I’ve done it a couple of times as a day-tramp, but it’s quite a long one – about 3 – 3.5 hours to the hut, and about 2.5 – 3 hours return, depending on the return route chosen – more about this later. For those less fit, it’s better as a short overnighter.
To get to the start, turn west off SH50 into Wakarara Road, towards the mountains. It is a good sealed road, which eventually becomes a good, but narrow, gravel road. Keep going (about 20km from SH50) until you get to a farm gate. Go through, and leave the gate as you found it.
Wade across the river to the other side – it’s a good idea to bring some sandals or sand-shoes for this purpose, to leave on the opposite bank for your return. Turn left, walk upstream for about 30m, then turn right for about 20m, and follow an old track which goes left up the bank. You may have to scout around a bit for this, but it’s well-defined, and should not be hard to find. It may have an orange marker to indicate this, but it was missing the last time we went.
The hut itself is quite small, a dinky 4-bunk affair, but quite cosy, and a great spot for lunch. It has 4 bunks with foam mattresses, a water tank, and outside toilet. There is a small bench and seat in the hut, as well as a small pot-belly stove. I’ve used one of these before in the Nelson Lakes area, and they’re very efficient. If you’re intending to stay overnight, and there are more than 4 in your group, some may have to sleep on the floor, or camp outside – this may be difficult, because there’s no real level area around the hut. There might also be a few resident mice in the hut – quite entertaining, but if staying overnight, hang your food from the roof beams!
The return journey to the car is pretty much the way you came. However, there is another choice from the concrete bridge over Dutch Creek on Wakarara Road. If you don’t mind getting wet feet, drop down off the bridge into Dutch Creek, and follow it downstream to the confluence with the Makaroro River. It’s a delightful 30 minutes or so; made even more pleasant by cooling the feet, which by now will be somewhat sore from walking on gravel roads! You’ll pass some really lovely native bush, interesting bluffs and landforms on the way – well worth considering. When you reach the confluence with the Makaroro River, turn right, and walk about 30 minutes upstream to the car park. On the way, admire the impressive mudstone cliffs on the right.
On the way home, don’t forget to honour the by now established tradition of a cup of good coffee and a snack at the General Store in Onga Onga. No, I don’t have shares in the business, but a good cuppa just makes for a great end to a great tramp! If you’re heading south towards Dannevirke, there’s a good café in Norsewood, with great fruit cake.
- Be prepared! Take clothing and provisions for all weather possibilities – the weather can change in a matter of an hour from beautiful sunshine and warm temperatures, to snow and sub-zero temperatures.
- Check the weather forecast – don’t do this tramp just after heavy rain, or if heavy rain is forecast, as rivers quickly rise to dangerous levels.

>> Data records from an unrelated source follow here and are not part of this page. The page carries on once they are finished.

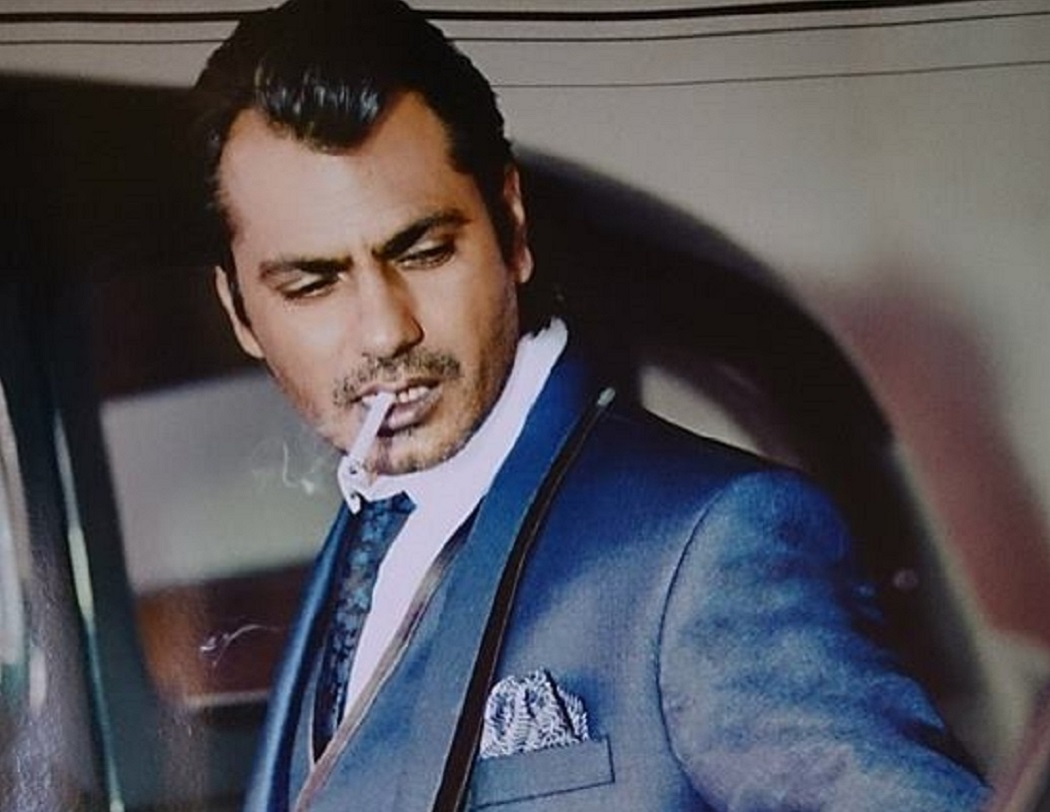 পর্দার পিছনে তিনি অত্যন্ত সাধারণ ভাবে জীবনযাপন করতে পছন্দ করেন। দামি ব্র্যান্ডেড জিনিস তাঁর না-পসন্দ। ছোটবেলা দারিদ্রতায় কাটিয়েছেন বলেই টাকার মূল্য বোঝেন— জানিয়েছেন তিনি।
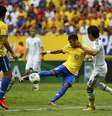 <p>Brasileiro foi indicado por gol marcado contra o Japão pela Copa das Confederações</p>  Foto: Reuters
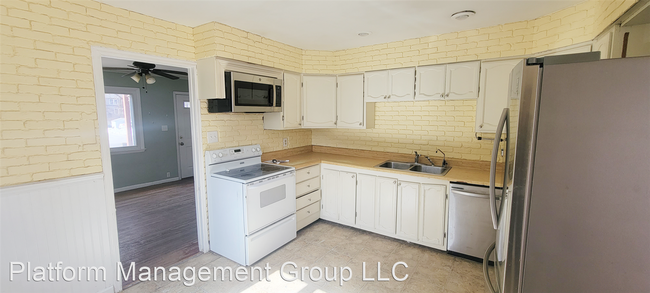 Building Photo - 2 br, 1 bath House - 10 Sherwood Drive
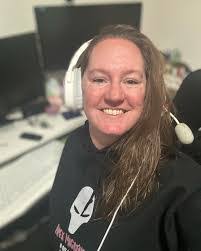 Rebecca Treasure's Instagram, Twitter & Facebook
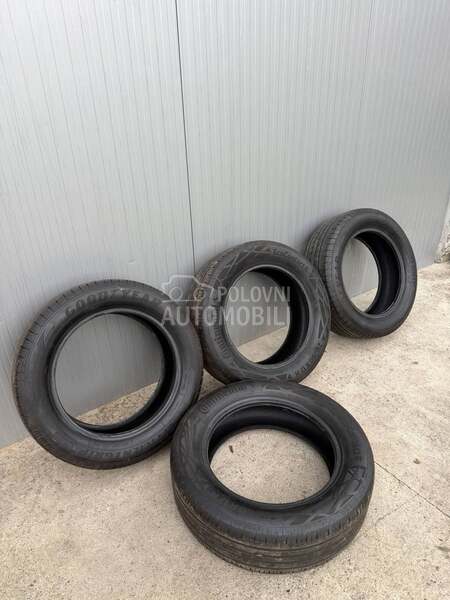 Continental 215/60 R17 Letnja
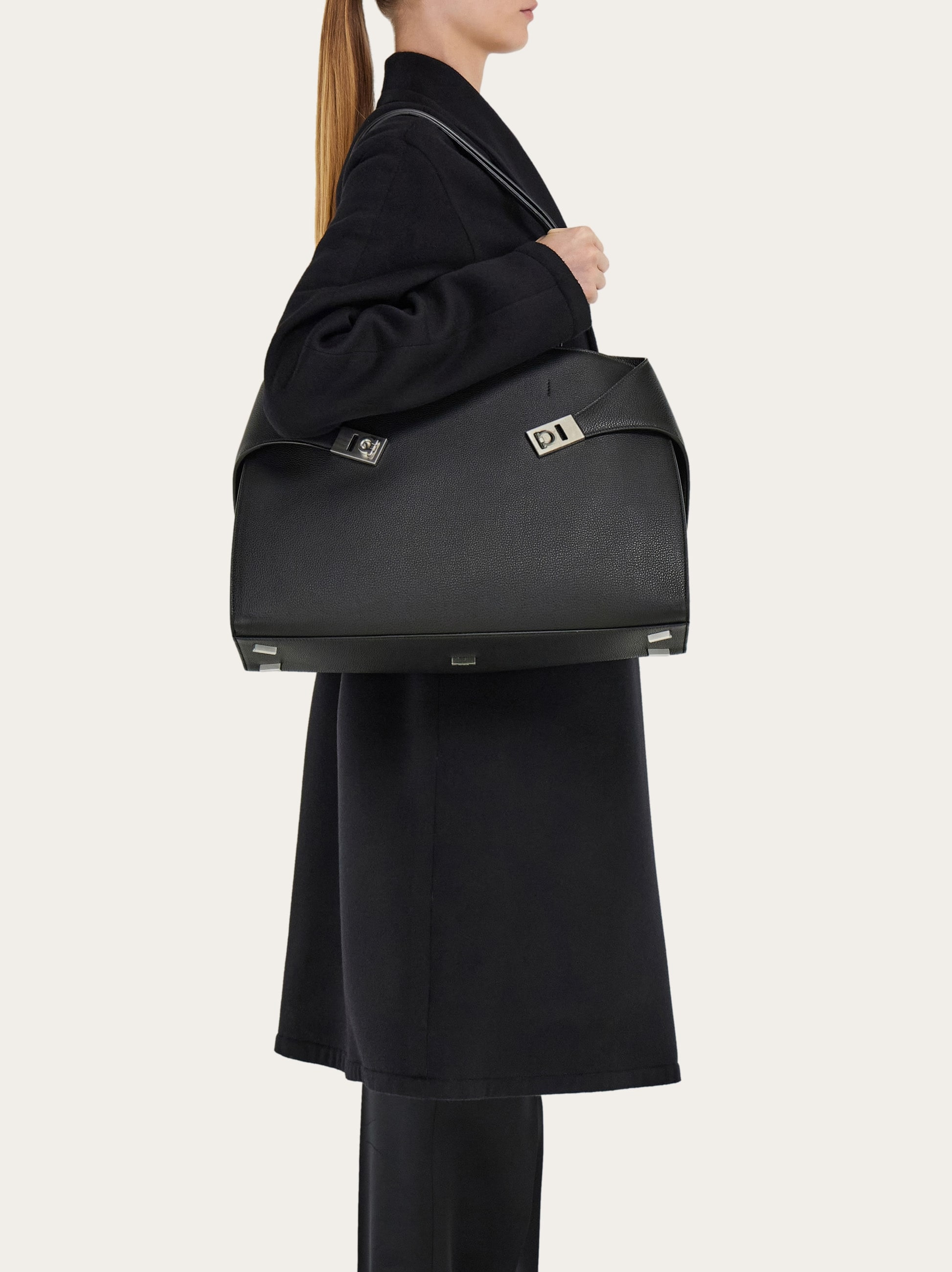 Hug shoulder bag - 9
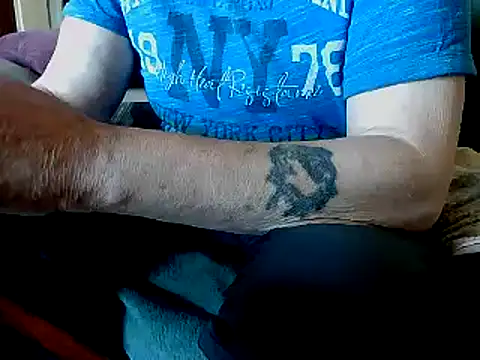 bodo1957 Live XXX Chat
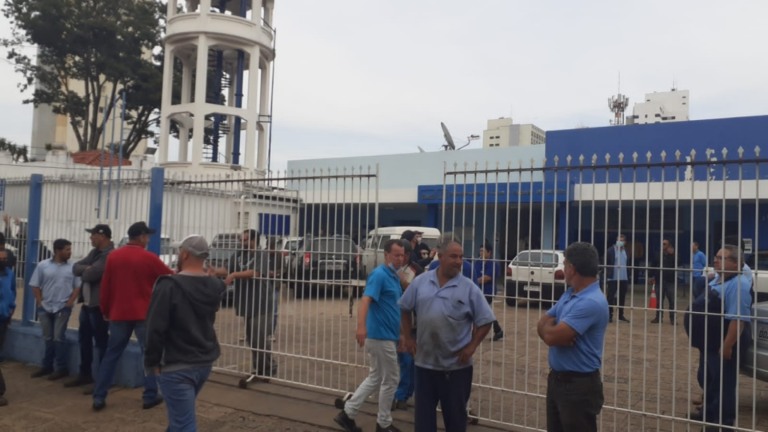 Servidores paralisam Daem em protesto contra projeto de concessão
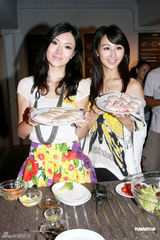 组图：曾志伟率众美女录美食节目 将开拍两部新戏 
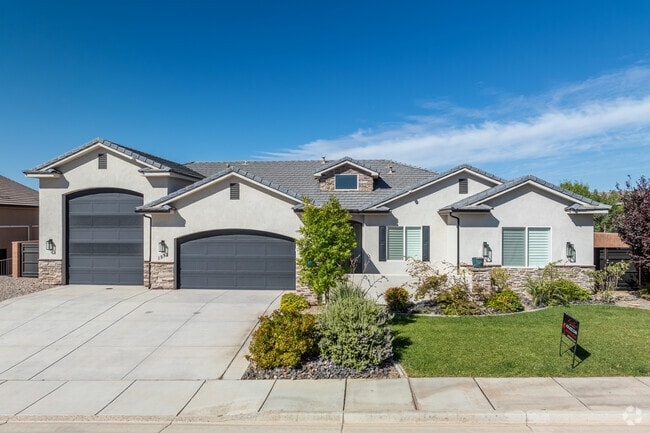 In Green Springs, estate-style residences begin around $750,000 and continue to $1.5 million.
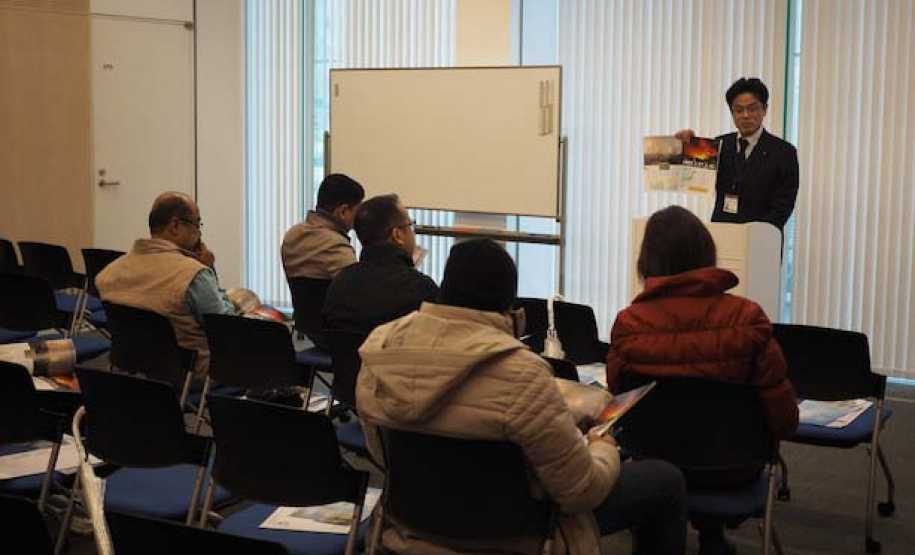 Estado planeja metodologia para redução de desastres. Como parte desse planejamento, a geóloga Fabiane Acordes, da Defesa Civil do Paraná, representou o Estado no curso Redução de Riscos em Desastres, promovido pela Agência Internacional de Cooperação do Japão (Jica - Japan International Cooperation Agency), na cidade de Kobe, entre janeiro e fevereiro deste ano. A ideia é replicar a expertise dos japoneses em prevenção em nível local. Foto: Defesa Civil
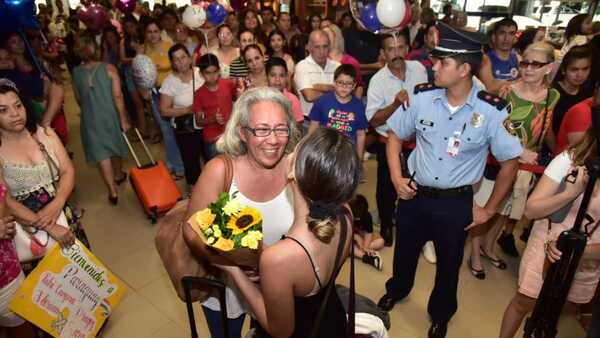 Cancelan vuelos a Argentina por huelga y afectan a unos 1.000 pasajeros diarios
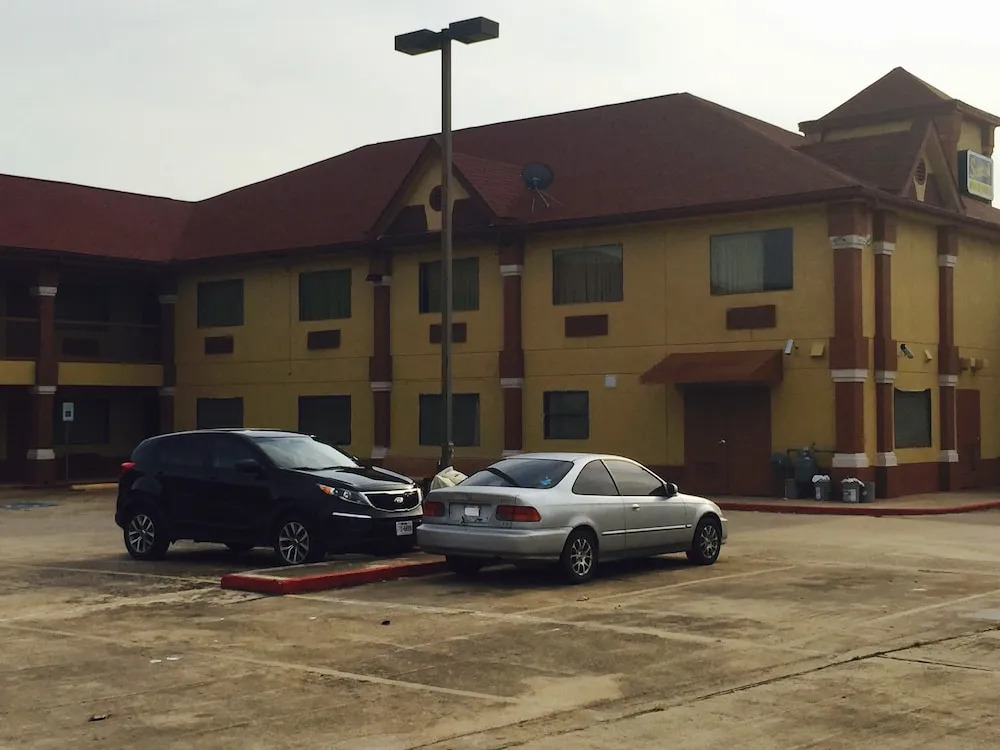 Photo - Scottish Inn & Suites Hobby Airport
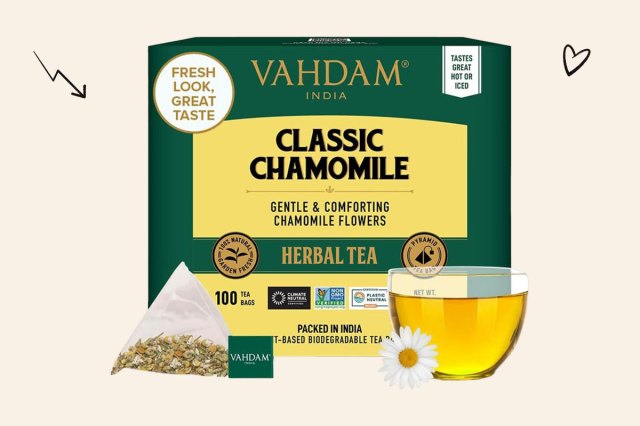 An image of the Vahdam chamomile tea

If you do get caught out, stay put and wait until the river drops to a safe level.
- Good fitness required (especially if done as a day walk) – at least 6.5 – 7 hours total walking required (from the car park return), with an altitude gain of 600m.
- Suitable for children from 10 years and over.
- Tell someone where you’re going, and what time to expect you back. Consider taking a locator beacon!
- Fill in the hut visitor’s book – it could save your life.
- Take a map – NZ Topographical map BK36 Tikokino refers, which can be purchased from Sportsworld or Dave Hern in Waipukurau.
- There is a small charge for staying overnight at this hut – tickets available from the I-site in Waipukurau, or the General Store in Onga Onga.
- Take some old newspapers to leave in the hut for starting a fire in the stove.